• GIVEN MATERIAL:
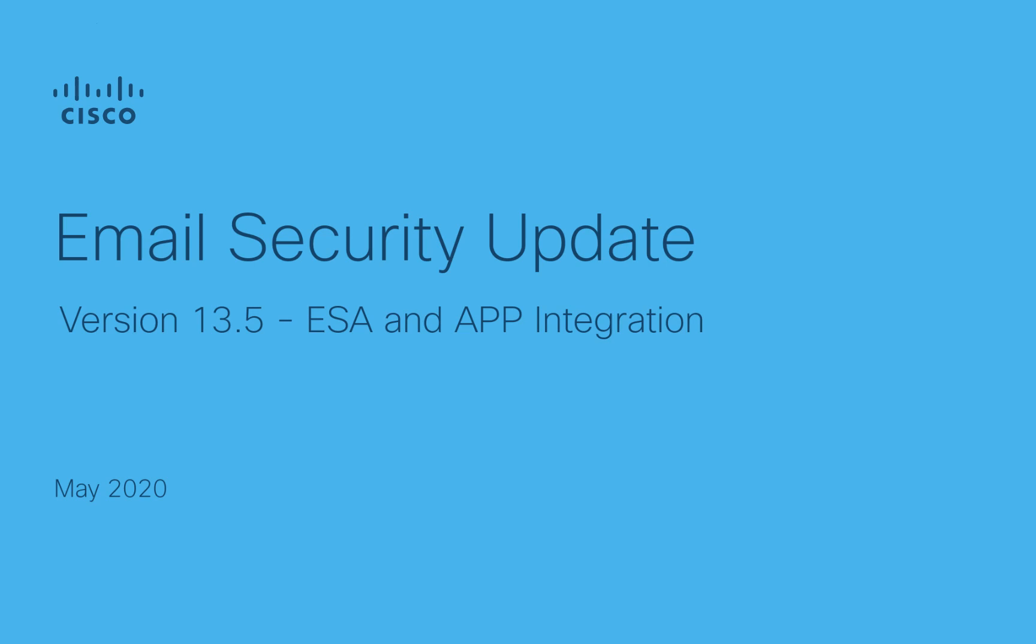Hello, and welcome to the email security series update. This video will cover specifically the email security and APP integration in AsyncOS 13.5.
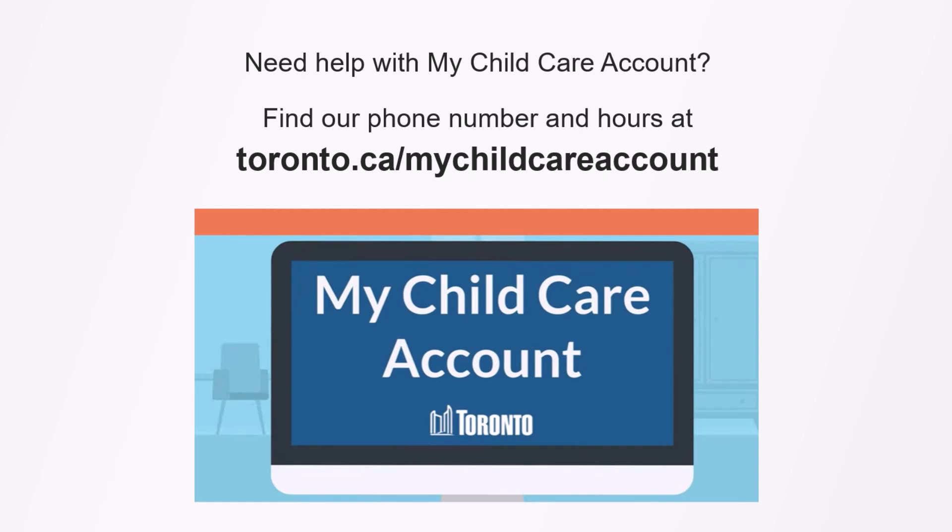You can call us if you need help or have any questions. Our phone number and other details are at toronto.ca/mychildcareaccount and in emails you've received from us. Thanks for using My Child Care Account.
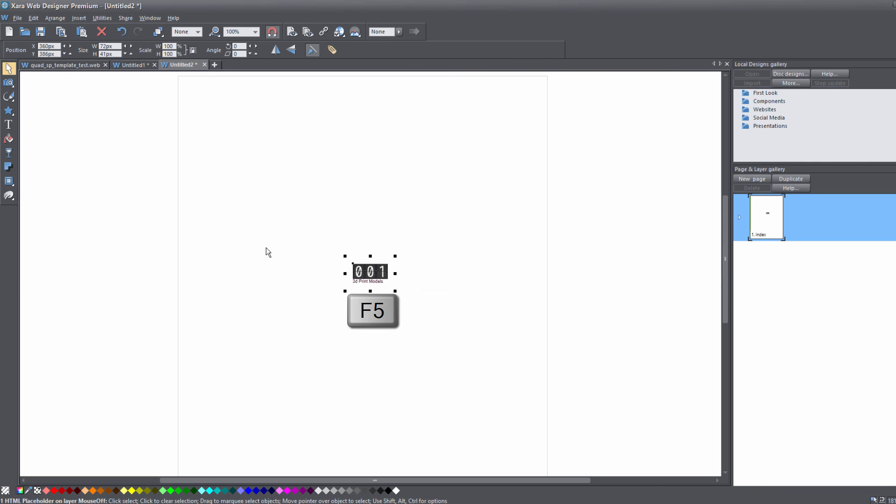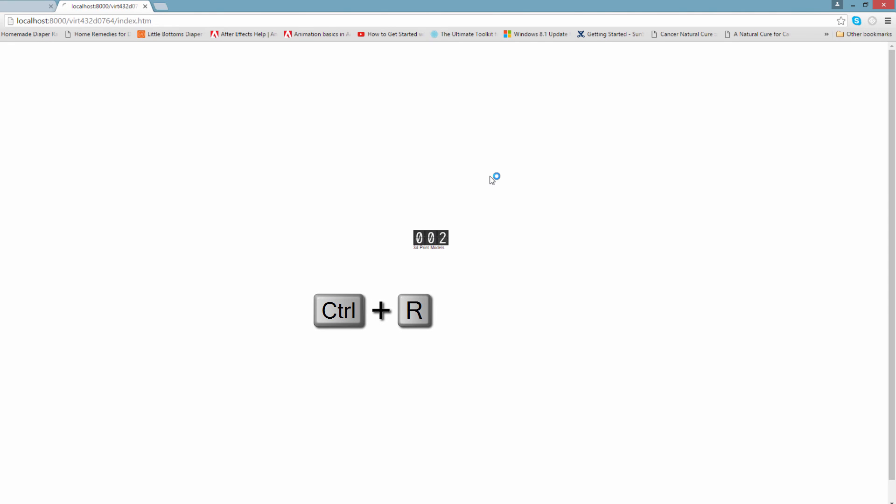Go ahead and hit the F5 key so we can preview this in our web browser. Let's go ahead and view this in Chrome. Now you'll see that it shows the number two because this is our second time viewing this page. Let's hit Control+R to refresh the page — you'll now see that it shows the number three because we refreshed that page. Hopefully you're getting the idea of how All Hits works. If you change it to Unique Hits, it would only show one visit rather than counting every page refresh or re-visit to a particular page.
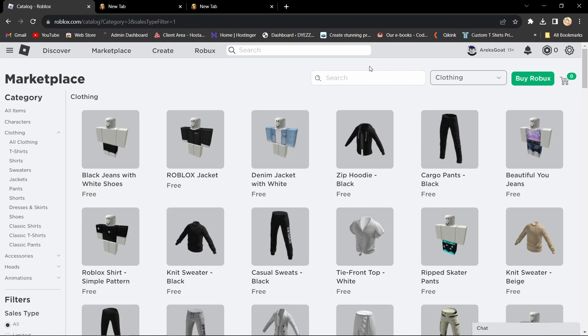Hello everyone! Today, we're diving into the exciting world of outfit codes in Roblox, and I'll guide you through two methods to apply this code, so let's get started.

• WORK REQUEST:
Your copy should hold exactly and only the lines from the one containing "You can call" through the end of the material, inclusive, repeated word for word and without pictures.

• ANSWER TO THIS TASK:
You can call us if you need help or have any questions. Our phone number and other details are at toronto.ca/mychildcareaccount and in emails you've received from us. Thanks for using My Child Care Account.
Go ahead and hit the F5 key so we can preview this in our web browser. Let's go ahead and view this in Chrome. Now you'll see that it shows the number two because this is our second time viewing this page. Let's hit Control+R to refresh the page — you'll now see that it shows the number three because we refreshed that page. Hopefully you're getting the idea of how All Hits works. If you change it to Unique Hits, it would only show one visit rather than counting every page refresh or re-visit to a particular page.
Hello everyone! Today, we're diving into the exciting world of outfit codes in Roblox, and I'll guide you through two methods to apply this code, so let's get started.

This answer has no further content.